* **Action item**:
Begin at the line below that has "using MyAndroid Run". Stop after the line that has "CÔNG TẮC GẠT", repeating each line exactly and leaving out the pictures.

* **Material for this task**:
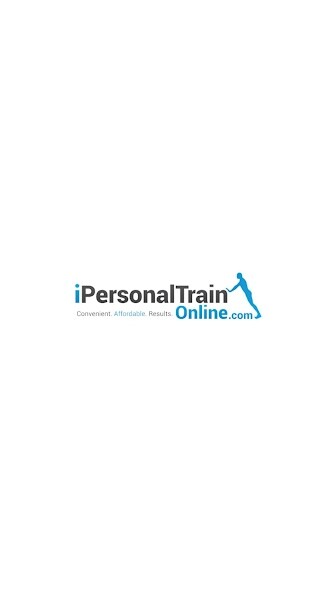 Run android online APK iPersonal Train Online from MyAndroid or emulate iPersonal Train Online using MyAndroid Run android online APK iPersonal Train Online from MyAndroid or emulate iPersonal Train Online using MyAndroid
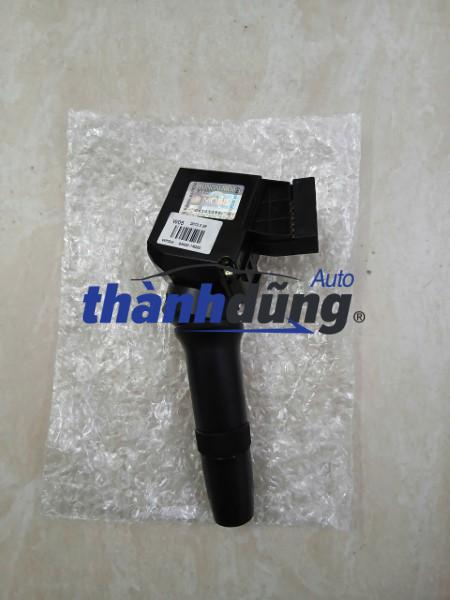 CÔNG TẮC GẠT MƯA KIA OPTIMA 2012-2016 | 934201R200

...

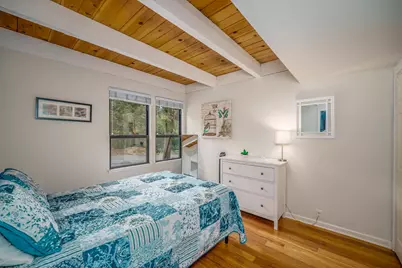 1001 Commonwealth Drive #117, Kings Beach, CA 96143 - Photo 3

* **Response area**:
 Run android online APK iPersonal Train Online from MyAndroid or emulate iPersonal Train Online using MyAndroid Run android online APK iPersonal Train Online from MyAndroid or emulate iPersonal Train Online using MyAndroid
 CÔNG TẮC GẠT MƯA KIA OPTIMA 2012-2016 | 934201R200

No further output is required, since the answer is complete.